Ma dietro quella facciata di persona perbene, attore risoluto e spesso incarnazione di ideali nobili e spirito di rivalsa, araldo di un cinema dalla marcata impronta classica, scopriamo che Tom Hanks ostenta (almeno a parole) una lieve difficoltà nel rapportarsi con i personaggi cattivi: “Ho un modo particolare di pormi come personaggio cattivo. Non ho mai sentito il bisogno di interpretare il personaggio cattivo di turno in modo classico, come lo sono gli avversari di James Bond, per fare un esempio. Più che altro, mi interessano le sfumature tra i personaggi buoni e quelli cattivi, perchè spesso nei film gli antagonisti tendono a rappresentare degli archetipi, individui che svolgono solo il loro compito di antagonisti e a me non piacciono questi ruoli: diciamo che mi interessa scavare a fondo, analizzare gli aspetti più svariati della vita, le circostanze, e studiarli.”
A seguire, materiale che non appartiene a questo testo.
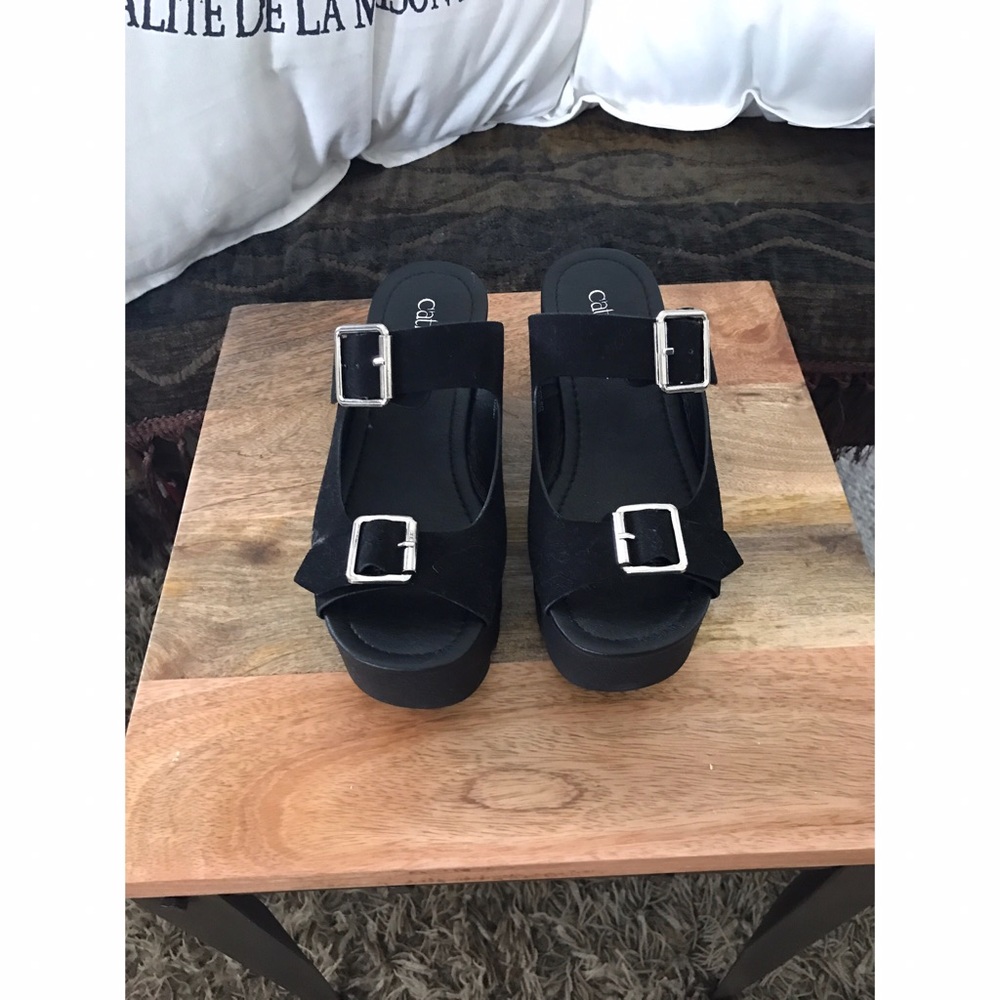 Cute platform buckle shoes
Non potevano mancare le allusioni alla campagna elettorale americana e, più in generale, al momento storico che stiamo vivendo. Così Tom Hanks esterna di getto tutta la sua antipatia verso Donald Trump e la frustrazione verso un modo di fare politica non rispettoso della conservazione dei principi democratici: “Ogni quattro anni in America arriva il circo. E’ chiaro che il mondo sta attraversando un momento difficile. Va detto che quando l’America ha affrontato questi periodi non ha mai ricercato dei candidati così autoreferenziali... Non dobbiamo pensare che questo tipo di politica sia la scelta giusta, perchè c’è molta ignoranza e l’ignoranza può essere venduta a piacimento, molto facilmente.”
Quasi al termine della conferenza, Hanks riserva una parentesi accorata e molto esilarante (con imitazione annessa) a Clint Eastwood, colui che lo ha diretto in Sully, sua ultima maschera: “Ammiro Clint perchè è una leggenda. Ha scritto e diretto film appartenenti a un’altra era cinematografica, molto stratificati (Hanks qui cita Invictus e Mystic River). Con Clint sul set si avverte una maggiore libertà, lui non è attaccato a tutti quei dogmi da regista, non urla, non è mai nervoso, ma dice solo quel che vuol vedere o che si faccia. Ho sempre pensato che quello dell’attore fosse un mestiere rigoroso, in cui l’unica cosa che contava fosse comportarsi bene, ma con Clint finisci col sentirti inevitabilmente a tuo agio. Sempre.”
E quando gli viene chiesto se c’è un artista italiano con il quale gli piacerebbe collaborare, la risposta ci riporta verso Firenze, nell’ultimo posto in cui Tom Hanks ha presenziato, prima dell’inizio della Festa del Cinema: “Certo che c’è... Roberto Benigni!”